### Your assignment
The data below is to be transcribed word for word; pictures are to be excluded.
---------- Dataset records ----------
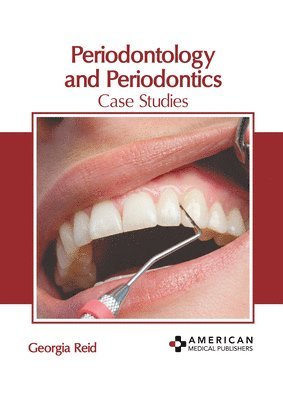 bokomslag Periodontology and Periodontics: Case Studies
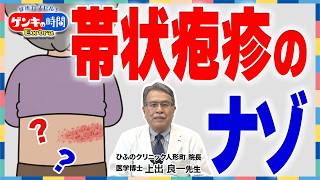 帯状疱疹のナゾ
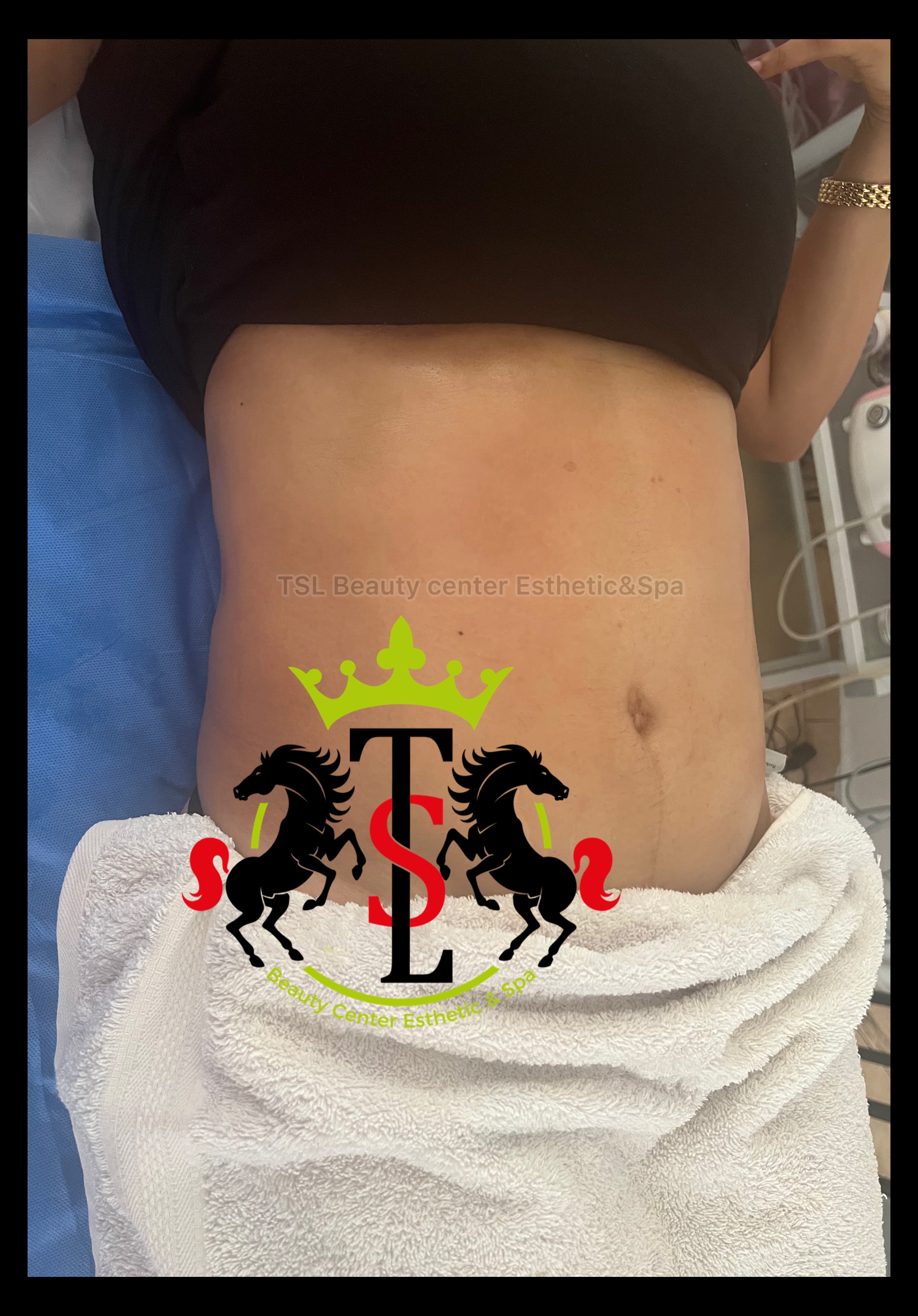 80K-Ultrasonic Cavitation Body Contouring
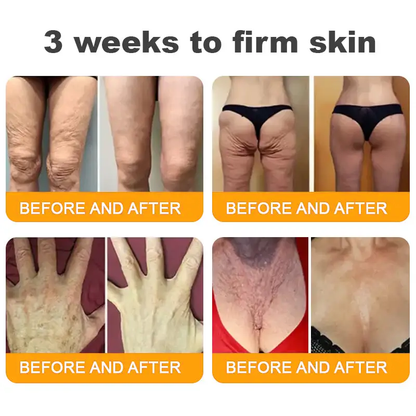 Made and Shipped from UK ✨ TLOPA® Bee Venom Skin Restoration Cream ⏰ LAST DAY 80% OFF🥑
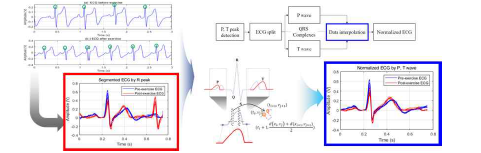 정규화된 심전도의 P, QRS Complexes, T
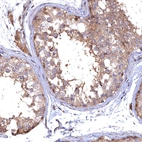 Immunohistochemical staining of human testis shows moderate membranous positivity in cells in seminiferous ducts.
----------
### Task result
 bokomslag Periodontology and Periodontics: Case Studies
 帯状疱疹のナゾ
 80K-Ultrasonic Cavitation Body Contouring
 Made and Shipped from UK ✨ TLOPA® Bee Venom Skin Restoration Cream ⏰ LAST DAY 80% OFF🥑
 정규화된 심전도의 P, QRS Complexes, T
 Immunohistochemical staining of human testis shows moderate membranous positivity in cells in seminiferous ducts.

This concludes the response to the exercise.